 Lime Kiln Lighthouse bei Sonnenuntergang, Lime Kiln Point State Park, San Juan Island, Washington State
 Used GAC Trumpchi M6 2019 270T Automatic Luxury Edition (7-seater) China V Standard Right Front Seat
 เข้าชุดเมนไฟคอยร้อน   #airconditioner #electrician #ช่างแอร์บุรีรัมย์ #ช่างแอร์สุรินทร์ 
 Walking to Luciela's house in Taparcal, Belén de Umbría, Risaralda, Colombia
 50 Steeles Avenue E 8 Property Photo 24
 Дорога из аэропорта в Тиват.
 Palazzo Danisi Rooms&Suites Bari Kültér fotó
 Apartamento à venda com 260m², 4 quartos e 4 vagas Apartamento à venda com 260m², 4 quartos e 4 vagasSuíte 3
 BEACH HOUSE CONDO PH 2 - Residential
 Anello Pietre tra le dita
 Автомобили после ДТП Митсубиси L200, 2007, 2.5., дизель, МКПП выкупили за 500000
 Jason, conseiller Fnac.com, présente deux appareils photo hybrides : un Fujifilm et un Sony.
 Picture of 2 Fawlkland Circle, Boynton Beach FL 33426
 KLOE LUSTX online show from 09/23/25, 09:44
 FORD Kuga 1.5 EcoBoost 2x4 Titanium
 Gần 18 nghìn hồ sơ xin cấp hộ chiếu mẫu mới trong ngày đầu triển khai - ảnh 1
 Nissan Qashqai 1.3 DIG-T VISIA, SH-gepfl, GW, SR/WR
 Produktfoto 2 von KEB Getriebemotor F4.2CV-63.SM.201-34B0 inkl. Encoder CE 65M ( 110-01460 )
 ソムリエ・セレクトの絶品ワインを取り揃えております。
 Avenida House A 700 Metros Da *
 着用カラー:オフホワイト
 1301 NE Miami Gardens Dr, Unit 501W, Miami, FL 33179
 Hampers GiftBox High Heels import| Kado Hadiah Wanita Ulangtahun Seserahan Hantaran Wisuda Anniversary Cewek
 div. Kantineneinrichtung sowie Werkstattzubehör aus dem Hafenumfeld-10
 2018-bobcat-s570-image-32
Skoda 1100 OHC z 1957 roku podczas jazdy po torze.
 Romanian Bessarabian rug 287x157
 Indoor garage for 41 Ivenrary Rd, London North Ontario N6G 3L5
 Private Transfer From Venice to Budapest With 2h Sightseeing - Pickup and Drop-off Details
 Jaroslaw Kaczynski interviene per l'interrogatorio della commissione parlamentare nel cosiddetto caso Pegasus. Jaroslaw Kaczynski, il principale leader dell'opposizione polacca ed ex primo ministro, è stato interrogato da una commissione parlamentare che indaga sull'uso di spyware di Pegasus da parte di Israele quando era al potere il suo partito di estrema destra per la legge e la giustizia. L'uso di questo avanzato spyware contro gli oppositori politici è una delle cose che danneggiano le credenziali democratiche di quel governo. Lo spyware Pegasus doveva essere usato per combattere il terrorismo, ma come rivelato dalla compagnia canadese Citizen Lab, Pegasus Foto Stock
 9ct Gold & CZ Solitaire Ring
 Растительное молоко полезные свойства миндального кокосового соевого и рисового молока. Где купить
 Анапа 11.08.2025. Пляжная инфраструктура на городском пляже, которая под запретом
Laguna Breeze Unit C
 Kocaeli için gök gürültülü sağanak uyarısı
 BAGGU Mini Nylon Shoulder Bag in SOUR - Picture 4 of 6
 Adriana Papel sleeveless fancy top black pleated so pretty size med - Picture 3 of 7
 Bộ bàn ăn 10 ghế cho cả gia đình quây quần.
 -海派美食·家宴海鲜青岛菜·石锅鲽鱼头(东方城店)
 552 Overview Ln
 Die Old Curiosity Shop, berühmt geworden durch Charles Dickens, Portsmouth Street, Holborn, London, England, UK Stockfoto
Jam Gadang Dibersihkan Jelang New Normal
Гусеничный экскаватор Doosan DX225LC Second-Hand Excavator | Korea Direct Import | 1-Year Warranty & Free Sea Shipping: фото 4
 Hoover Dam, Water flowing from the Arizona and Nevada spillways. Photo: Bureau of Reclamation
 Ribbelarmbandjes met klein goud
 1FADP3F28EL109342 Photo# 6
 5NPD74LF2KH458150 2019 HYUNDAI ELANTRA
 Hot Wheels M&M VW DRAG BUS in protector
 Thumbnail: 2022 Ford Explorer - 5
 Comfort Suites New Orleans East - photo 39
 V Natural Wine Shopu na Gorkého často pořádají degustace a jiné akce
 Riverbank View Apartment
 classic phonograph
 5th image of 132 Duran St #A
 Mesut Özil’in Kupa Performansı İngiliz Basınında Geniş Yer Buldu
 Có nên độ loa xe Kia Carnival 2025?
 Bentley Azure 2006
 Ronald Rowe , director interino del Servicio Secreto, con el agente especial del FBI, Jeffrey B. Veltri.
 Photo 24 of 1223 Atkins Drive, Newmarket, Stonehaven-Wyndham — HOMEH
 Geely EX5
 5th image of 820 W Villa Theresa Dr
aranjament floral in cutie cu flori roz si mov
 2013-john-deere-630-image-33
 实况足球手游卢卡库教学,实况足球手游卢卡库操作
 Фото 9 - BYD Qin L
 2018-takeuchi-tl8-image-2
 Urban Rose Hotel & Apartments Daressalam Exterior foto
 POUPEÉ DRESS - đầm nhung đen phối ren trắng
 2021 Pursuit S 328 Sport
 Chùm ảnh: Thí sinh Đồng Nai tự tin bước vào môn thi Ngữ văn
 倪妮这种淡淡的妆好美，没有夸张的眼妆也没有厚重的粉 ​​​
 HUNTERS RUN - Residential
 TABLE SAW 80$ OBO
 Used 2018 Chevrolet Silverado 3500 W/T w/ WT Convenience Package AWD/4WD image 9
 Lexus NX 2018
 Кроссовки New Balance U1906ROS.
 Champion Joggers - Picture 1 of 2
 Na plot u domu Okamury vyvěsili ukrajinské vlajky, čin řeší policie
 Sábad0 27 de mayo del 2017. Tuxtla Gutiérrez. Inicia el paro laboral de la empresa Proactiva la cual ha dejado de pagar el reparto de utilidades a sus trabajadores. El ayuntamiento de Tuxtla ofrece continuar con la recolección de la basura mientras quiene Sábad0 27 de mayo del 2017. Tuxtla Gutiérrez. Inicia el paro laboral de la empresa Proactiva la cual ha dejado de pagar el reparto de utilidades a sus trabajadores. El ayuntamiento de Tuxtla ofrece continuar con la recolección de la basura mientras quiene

====

Exact duplication is required for the lines above, from the line that contains "Adriana Papel sleeveless" to the line that contains "Comfort Suites New Orleans East - photo 39", inclusive; omit all others.

 Adriana Papel sleeveless fancy top black pleated so pretty size med - Picture 3 of 7
 Bộ bàn ăn 10 ghế cho cả gia đình quây quần.
 -海派美食·家宴海鲜青岛菜·石锅鲽鱼头(东方城店)
 552 Overview Ln
 Die Old Curiosity Shop, berühmt geworden durch Charles Dickens, Portsmouth Street, Holborn, London, England, UK Stockfoto
Jam Gadang Dibersihkan Jelang New Normal
Гусеничный экскаватор Doosan DX225LC Second-Hand Excavator | Korea Direct Import | 1-Year Warranty & Free Sea Shipping: фото 4
 Hoover Dam, Water flowing from the Arizona and Nevada spillways. Photo: Bureau of Reclamation
 Ribbelarmbandjes met klein goud
 1FADP3F28EL109342 Photo# 6
 5NPD74LF2KH458150 2019 HYUNDAI ELANTRA
 Hot Wheels M&M VW DRAG BUS in protector
 Thumbnail: 2022 Ford Explorer - 5
 Comfort Suites New Orleans East - photo 39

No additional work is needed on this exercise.